-- Problem requirements --
Pictures are to be left out, and the rest of the records reproduced exactly.

-- Available data --

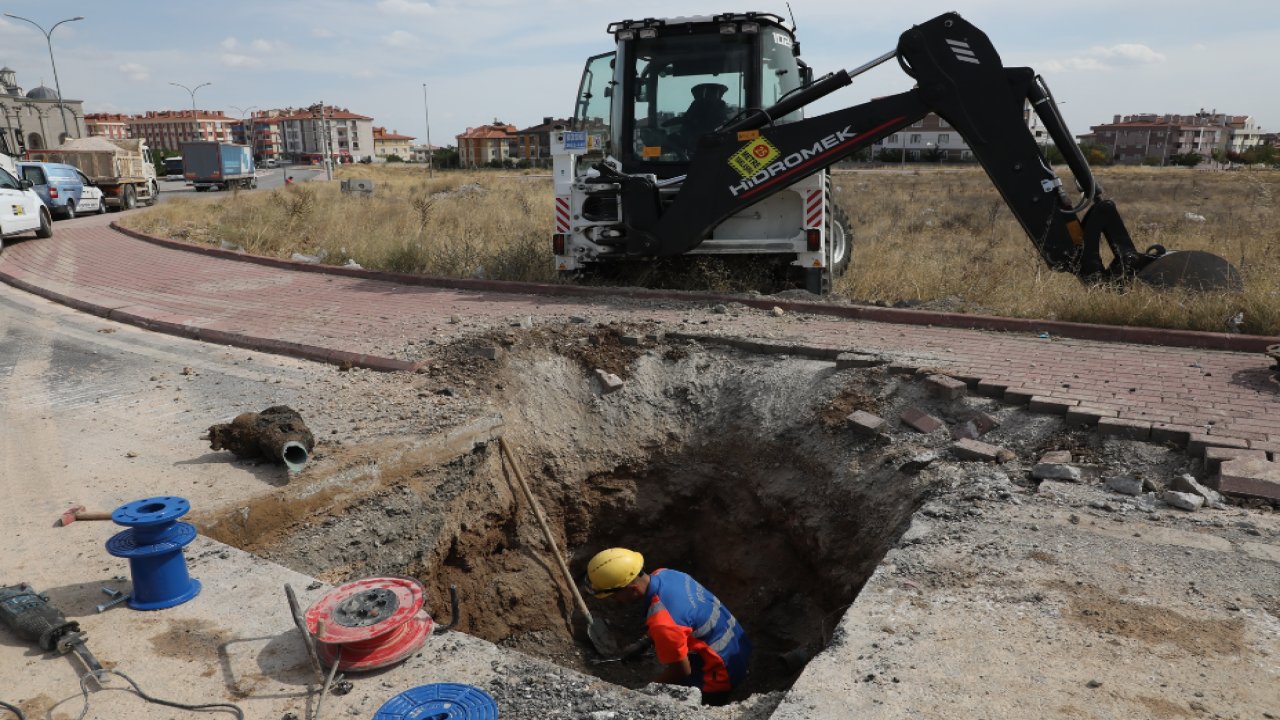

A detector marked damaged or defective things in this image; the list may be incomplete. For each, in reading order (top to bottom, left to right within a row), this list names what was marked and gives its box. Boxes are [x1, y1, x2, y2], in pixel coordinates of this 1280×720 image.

broken pavement brick [596, 372, 624, 394]
broken pavement brick [924, 374, 964, 402]
broken pavement brick [844, 410, 884, 434]
broken pavement brick [900, 404, 952, 434]
broken pavement brick [1096, 416, 1152, 438]
broken pavement brick [956, 438, 1004, 462]
broken pavement brick [1184, 434, 1248, 456]
broken pavement brick [1208, 458, 1280, 498]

-- Answer to the problem --
A detector marked damaged or defective things in this image; the list may be incomplete. For each, in reading order (top to bottom, left to right within a row), this list names what was marked and gives its box. Boxes are [x1, y1, x2, y2], in pixel coordinates of this 1280×720 image.

broken pavement brick [596, 372, 624, 394]
broken pavement brick [924, 374, 964, 402]
broken pavement brick [844, 410, 884, 434]
broken pavement brick [900, 404, 952, 434]
broken pavement brick [1096, 416, 1152, 438]
broken pavement brick [956, 438, 1004, 462]
broken pavement brick [1184, 434, 1248, 456]
broken pavement brick [1208, 458, 1280, 498]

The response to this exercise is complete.